GloVe#

GloVe is an unsupervised learning algorithm for obtaining vector representations for words. It is based on the co-occurrence matrix of words from a corpus.

GloVe stands for Global Vectors for Word Representation. It was introduced by [Pennington et al., 2014] in 2014.

Improvement over word2vec#

  • Word2vec uses a window-based approach, in which it only considers the local context of a word. This means that it does not consider the global context of a word.

  • GloVe uses a global context of a word in addition to the local context. This means that it can capture the meaning of a word better than word2vec.

Co-occurrence matrix#

What are the global contexts of a word? The global contexts of a word are the words that co-occur with it in a corpus.

For example, we have the following sentences:

Document 1: “All that glitters is not gold.”

Document 2: “ All is well that ends well.”

Then, with a window size of 1, the co-occurrence matrix of the words in the corpus is:

co-occurrence_matrix
  • The rows and columns represent the words in the corpus.

  • <START> and <END> are special tokens that represent the start and end of a sentence.

  • Since that and is occur only once in the window of glitters, the value of (that, glitters) and (is, glitters) is 1.

Training GloVe#

Glove model is a weighted least squares regression model, where the weights are the word vectors.
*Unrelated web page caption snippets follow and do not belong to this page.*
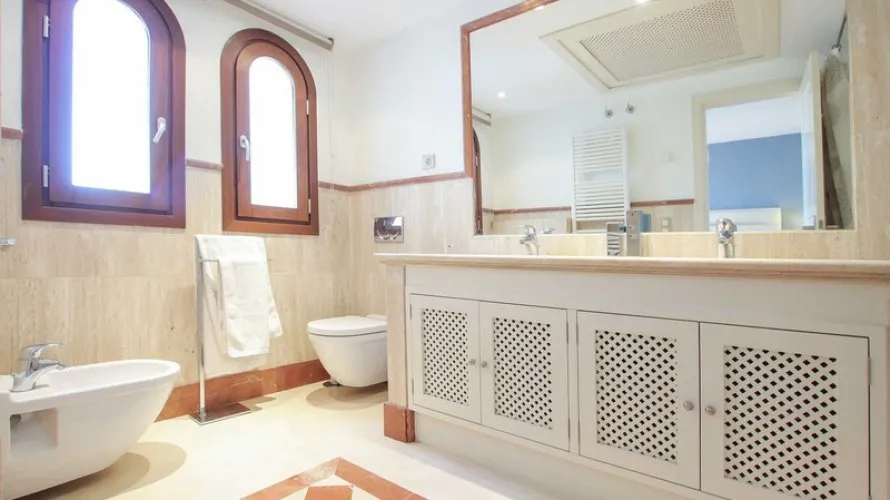 3 bedrooms townhouse for sale , Benahavis, Spain No. 522 № 21
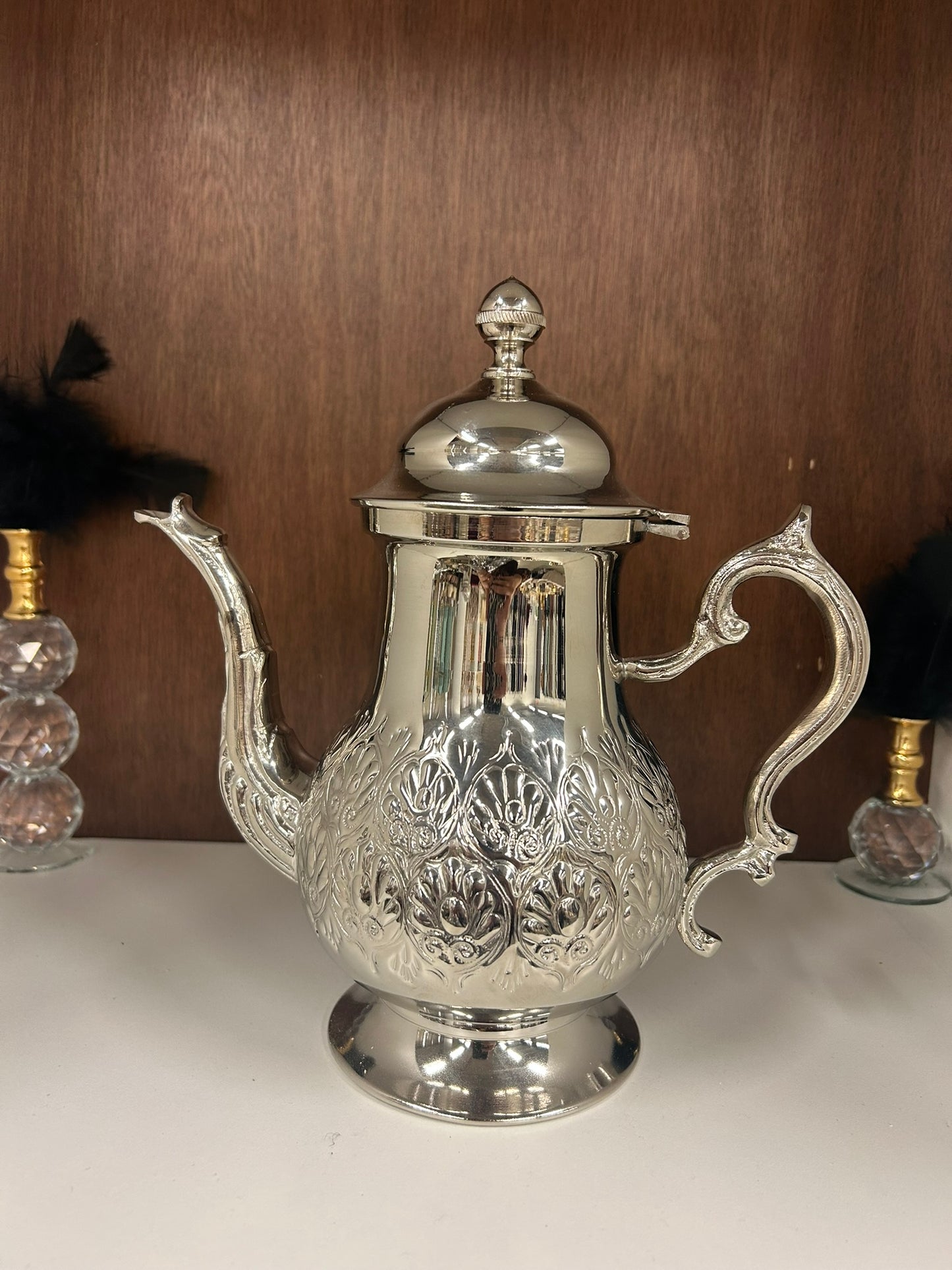 Elegant Moroccan Silver Teapot – Traditional Design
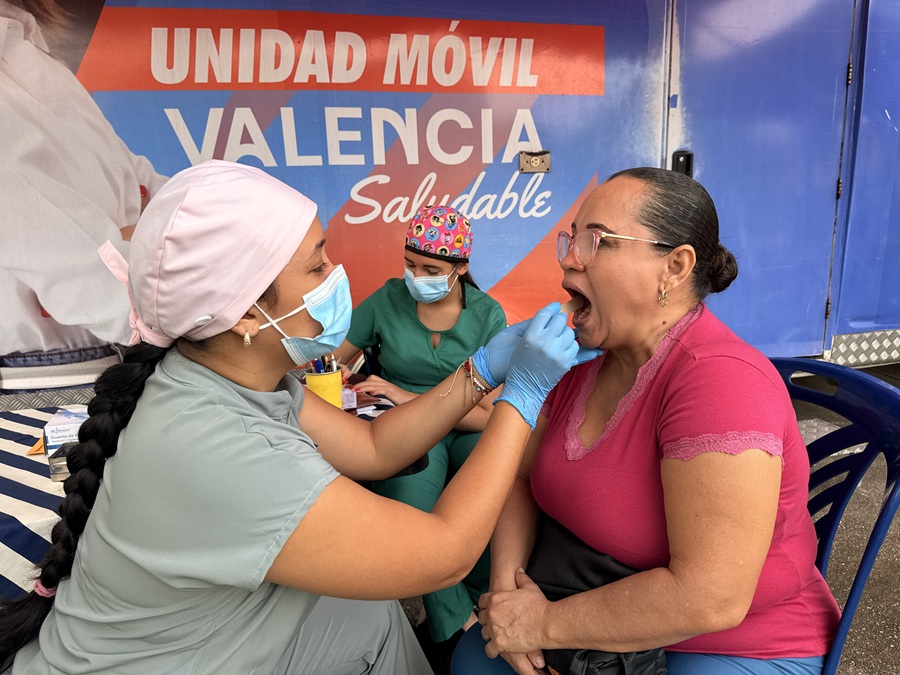 Jornada odontológica gratuita a adultos mayores en la Plaza Michelena de San Blas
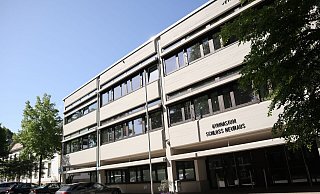 Am Gymnasium Schloß Neuhaus werden nun schon seit 50 Jahren Schülerinnen und Schüler unterrichtet. - Jens Reddeker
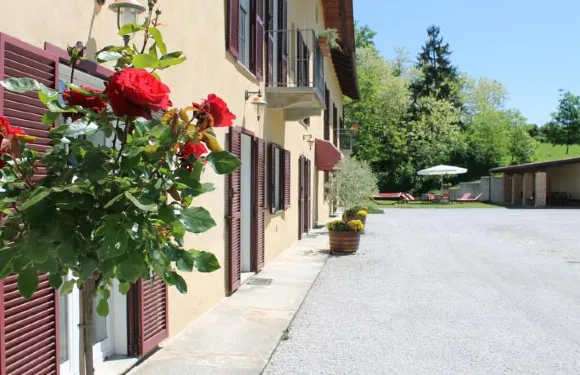 拉特烈迪皮埃弗拉沃加利納酒店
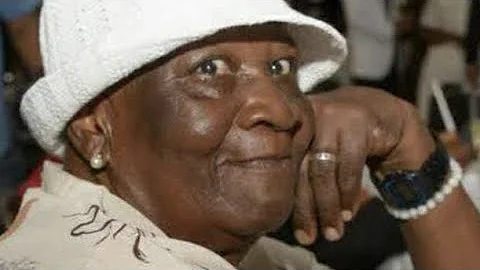 Vivian Louvina Mary Henderson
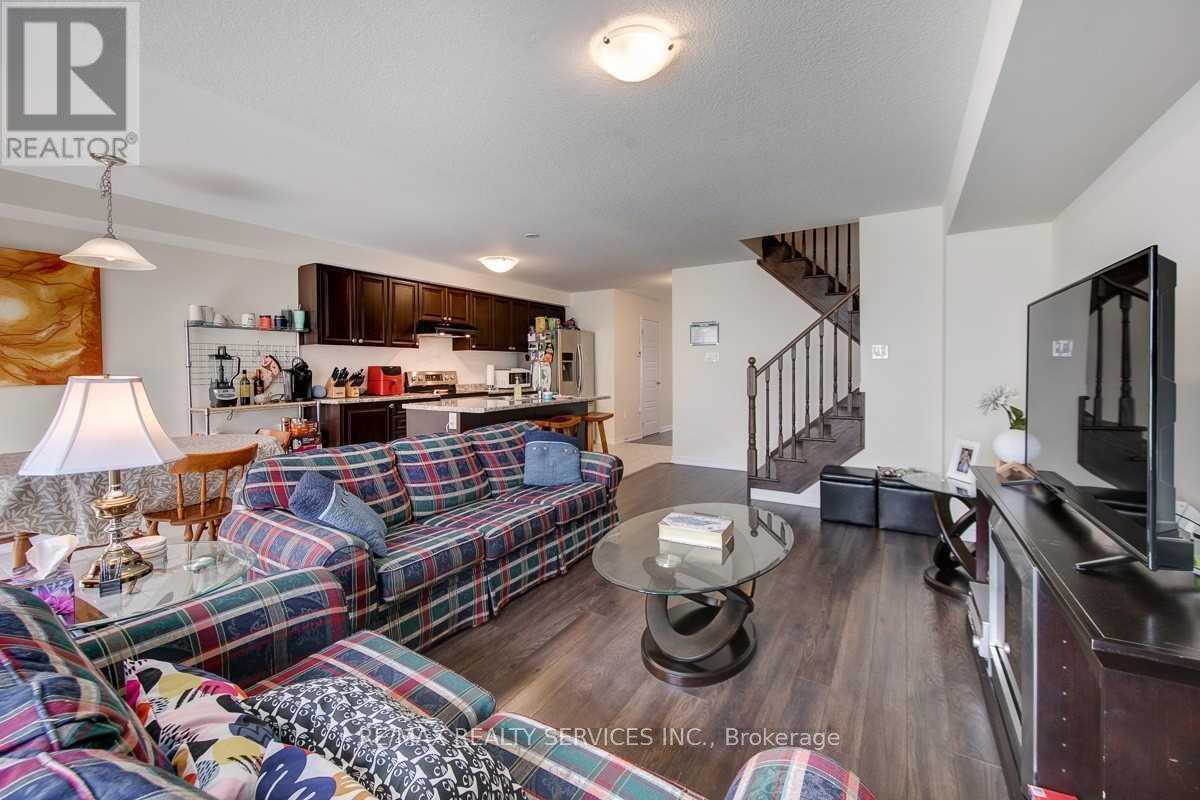 7722 Redbud Lane, Niagara Falls (Brown), Ontario  L2H 3S2 - Photo 7 - X12666158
The objective function is the sum of squared errors between the co-occurrence matrix and the dot product of the word vectors.

\[ \begin{align} \mathcal{L} = \frac{1}{2}\sum_{i,j=1}^V f(X_{ij}) (\log X_{ij} - \mathbf{u}_i^\top \mathbf{v}_j)^2 \end{align} \]

where \(X_{ij}\) is the co-occurrence matrix, \(\mathbf{u}_i\) is the word vector of the \(i\) th word, and \(\mathbf{v}_j\) is the word vector of the \(j\) th word. The function \(f\) is a weighting function that is used to downweight the common words.

GloVe vs word2vec#

  • GloVe is a global model, while word2vec is a local model.

  • GloVe ouputperforms word2vec on word analogy, word similarity, and Named Entity Recognition (NER) tasks.

  • If the nature of the problem is similar to the above tasks, then GloVe is a better choice than word2vec.

  • Since it uses a global context, GloVe is better at capturing the meaning of rare words even on small datasets.

  • GloVe is slower than word2vec.

Using GloVe#

GloVe is available to download from the Stanford NLP website.